On Thu, May 14, 2015 at 3:44 PM, Michael Eickenberg <
michael.eickenb...@gmail.com> wrote:
> There may also be some implicit optimization going on. Without looking at
> the (non pure-python) source of the Minkowski
> metric, a few tests hint at the fact that p=2 and p=1 are probably
> treated differently from the rest, because some mathematical tricks can be
> applied that avoid calculating the full distance vector.
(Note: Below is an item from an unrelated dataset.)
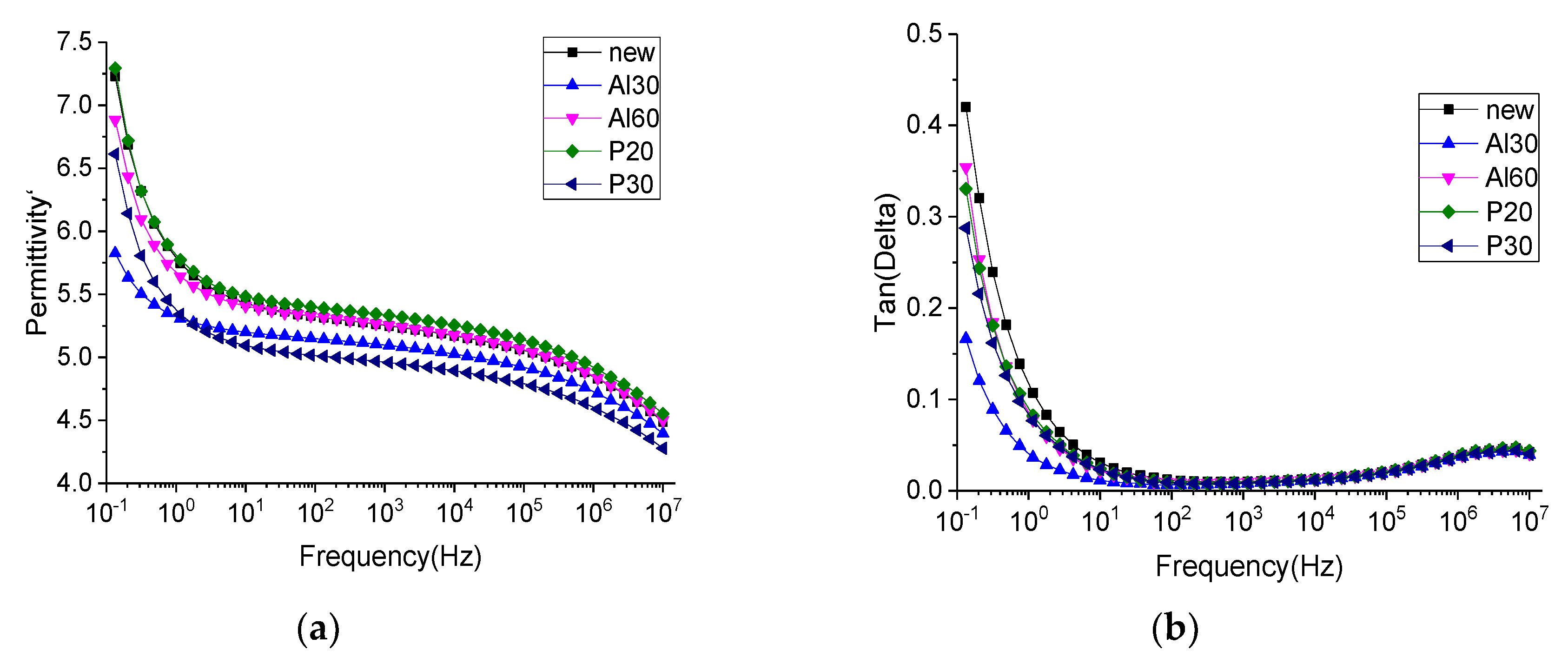 Polymers 11 01367 g013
So maybe some of
> the speed difference is already explainable by that, but I am not sure
> which is the most prevalent here, since I am unfamiliar with the internals
> of BallTree and how many of these evaluations it actually does.
>
> Michael
>
>
> In [38]: d = sklearn.neighbors.dist_metrics.MinkowskiDistance(2)
>
> In [39]: x = np.random.randn(100, 200)
>
> In [40]: y = np.random.randn(200, 200)
>
> In [41]: %timeit d.pairwise(x, y)
> 10 loops, best of 3: 66.8 ms per loop
>
> In [42]: d = sklearn.neighbors.dist_metrics.MinkowskiDistance(2.1)
>
> In [43]: %timeit d.pairwise(x, y)
> 1 loops, best of 3: 352 ms per loop
>
> In [44]: d = sklearn.neighbors.dist_metrics.MinkowskiDistance(1.9)
>
> In [45]: %timeit d.pairwise(x, y)
> 1 loops, best of 3: 353 ms per loop
>
> In [46]: d = sklearn.neighbors.dist_metrics.MinkowskiDistance(1)
>
> In [47]: %timeit d.pairwise(x, y)
> 10 loops, best of 3: 60.4 ms per loop
>
> In [48]: d = sklearn.neighbors.dist_metrics.MinkowskiDistance(1.1)
>
> In [49]: %timeit d.pairwise(x, y)
> 1 loops, best of 3: 357 ms per loop
>
> In [50]: d = sklearn.neighbors.dist_metrics.MinkowskiDistance(10)
>
> In [51]: %timeit d.pairwise(x, y)
> 1 loops, best of 3: 386 ms per loop
>
> In [52]: d = sklearn.neighbors.dist_metrics.MinkowskiDistance(100)
>
> In [53]: %timeit d.pairwise(x, y)
> 1 loops, best of 3: 403 ms per loop
>
> In [54]: d = sklearn.neighbors.dist_metrics.MinkowskiDistance(1000)
>
> In [55]: %timeit d.pairwise(x, y)
> 1 loops, best of 3: 472 ms per loop
>
> In [56]:
>
>
>
>
>
> On Thu, May 14, 2015 at 3:14 PM, Jacob Vanderplas <
> jake...@cs.washington.edu> wrote:
>
>> Hi Nafise,
>> In general, yes the execution time will depend on the metric, and in a
>> way that can be very difficult to predict.
>>
>> One reason is that because the euclidean metric is the most common, that
>> case is slightly optimized. But that won't lead to a factor of ten.
>>
>> The Ball Tree works by dividing the metric space into spherical nodes,
>> and depending on which metric you use, there can be more or less overlap
>> between the resulting nodes. As you increase the p value of a minkowski
>> metric, there will generally be more overlap between nodes because in some
>> sense the amount of space covered by a ball of radius R increases. Any node
>> overlap means that you're less likely to throw away branches when querying
>> the tree, meaning that more distance computations need to be done. All of
>> this is highly dependent on the precise dimension and structure of the data
>> you're querying: e.g. if you have uniformly-distributed data in high
>> dimensions, there will be a larger slowdown than if you have
>> highly-structured low-dimensional data.
>>
>> Without knowing more details about the data you're looking at, I think
>> that's probably what's going on. Note that if you're interested in fast
>> queries for a minkowski metric in particular, I'd try the KD Tree: the node
>> overlap issue shouldn't come up here.
>> Jake
>>
>> Jake VanderPlas
>> Director of Research – Physical Sciences
>> eScience Institute, University of Washington
>> http://www.vanderplas.com
>>
>> On Thu, May 14, 2015 at 12:48 AM, nafise mehdipoor <
>> mehdipour...@yahoo.com> wrote:
>>
>>> Hi everyone,
>>> If the complexity of the balltree implementation depends on the metric?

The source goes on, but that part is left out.